0

I have a set of data points that I want to model using one of several standard distributions. I do not know which distribution will provided the best fit. Is there a standard approach for determining which distribution will provide the best fit? Ultimately, I would like write software to do this.

Bob

Bob
  • 103
  • 1
  • 1
    This is an awfully broad question... and why would you want to write software? Plenty of tools already exist. – jbowman Feb 26 '18 at 03:47
  • 1
    Numerous questions on site related to fitting of distributions to data discuss important aspects of the issue; it may pay to review some of them. The first post under "Related" in the sidebar on the right -> might be one place to start. Another one is [How to determine which distribution fits my data best?](https://stats.stackexchange.com/questions/132652/how-to-determine-which-distribution-fits-my-data-best) – Glen_b Feb 26 '18 at 10:00

1 Answers1

2

Don't bother writing the software unless you're doing it for your own edification; MATLAB already has a Distribution Fitter tool built in (https://www.mathworks.com/help/stats/distributionfitter.html).

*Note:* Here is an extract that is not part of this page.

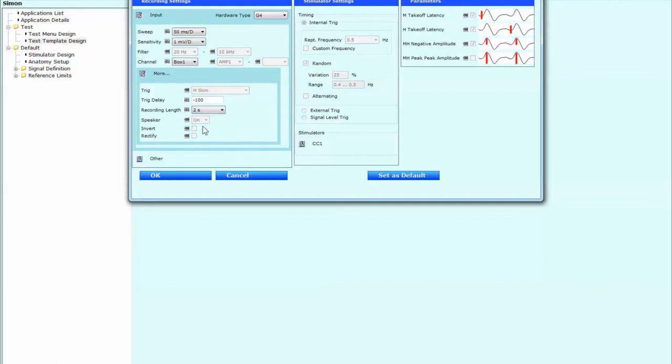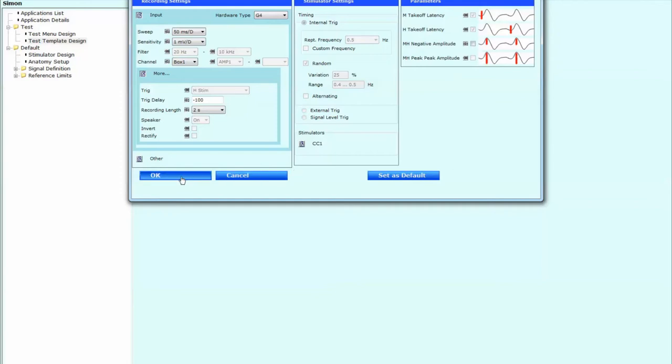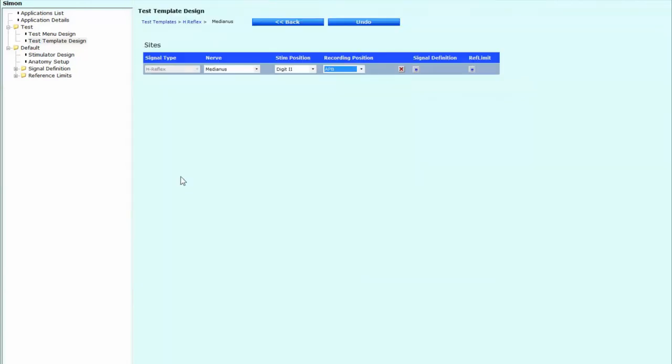Obviously we'll keep the speaker on a tunnel trigger as is. And then over here we just need to make sure everything is ticked off appropriately. So we've got the M takeoff latency and the H takeoff latency, those we want to include. The negative amplitude, we don't want that because we're just purely looking out for the latencies. And then we click OK.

Standard approach? Novices pray the data is normally distributed, and check with histograms, Q-Q plots, and goodness-of-fit tests. And if it's not, they apply rules of thumb or a Box-Cox transformation to beat the data into submission.

Statisticians with a "feel for phenomena" consider the process being modeled, and narrow their search down to something appropriate. For example, lifetime or time-to-event data is usually modeled with exponential, gamma, weibull, or lognormal distributions (and some other more exotic ones).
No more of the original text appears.